Is it harder to get a mortgage if you are Self-Employed?
It can be, but it depends which lenders you approach. You may be very lucky and approach the correct lender for your circumstance, first time, but most lenders’ have varying criteria for Self-Employed applicants. One lender may find it a significant issue, yet another would be happy to assist.
During 2020 and most of 2021 Lenders were cautious about lending to the Self-Employed, and introduced a more rigorous application process, mainly due to Covid pandemic, but the majority of lenders have now reverted to the criteria pre-covid.
What if I only have one year’s accounts can I still get a mortgage?
There are lenders that will accept one year’s accounts, but there aren’t many. Most lenders would require two years. A lot of lenders may look at the broader picture rather than just focussing on your short term Self-Employed status.
Are Self-cert mortgages still available?
No, they haven’t been available for some time and the majority of lenders don’t expect them to return.
Can you get a joint mortgage if one person is Self-Employed?
Yes you can, although they way the lender assesses your income may differ.
If you are Self-Employed, running a Limited Company, the Lender may assess your affordability using your salary and dividends or your retained profit. If you’re a Sole Trader, they would use your net profit.
If you’re employed, the lender would use your gross salary.
As you can see from the above, two individuals earning the same salary could be assessed differently by the Lender, because they consider the gross income of the employed individual but use the net income (after tax & NI) for the self employed person.
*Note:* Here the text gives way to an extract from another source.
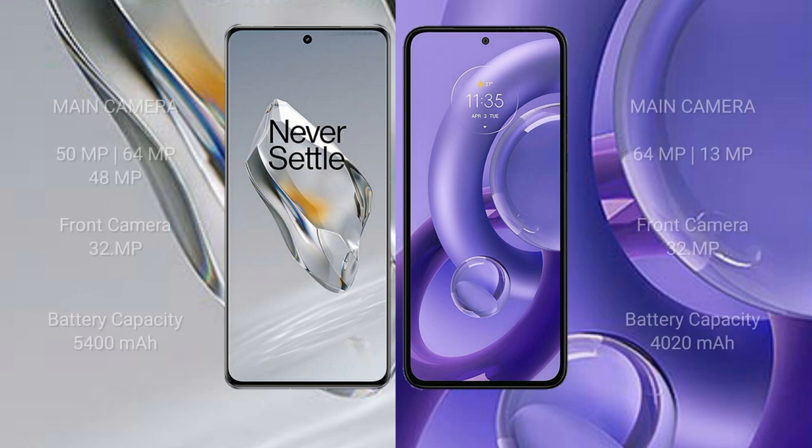The OnePlus 12 features a triple rear camera setup: 50MP plus 64MP plus 48MP, with a 32MP front camera. The Motorola Edge 30 Neo features a dual rear camera setup: 64MP plus 13MP, with a 32MP front camera. The OnePlus 12 has a 5400mAh battery with 100W fast charging support.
When assessing a Self-Employed applicant it’s important to establish whether it’s a Limited company and if so, whether they’re a hundred percent shareholder, or whether they are a Sole Trader, as that will all be taken into account when assessing affordability. This is why a lot of Self-Employed people think it’s trickier getting a mortgage, but approaching the right lender who looks at their income favourably can make it much easier.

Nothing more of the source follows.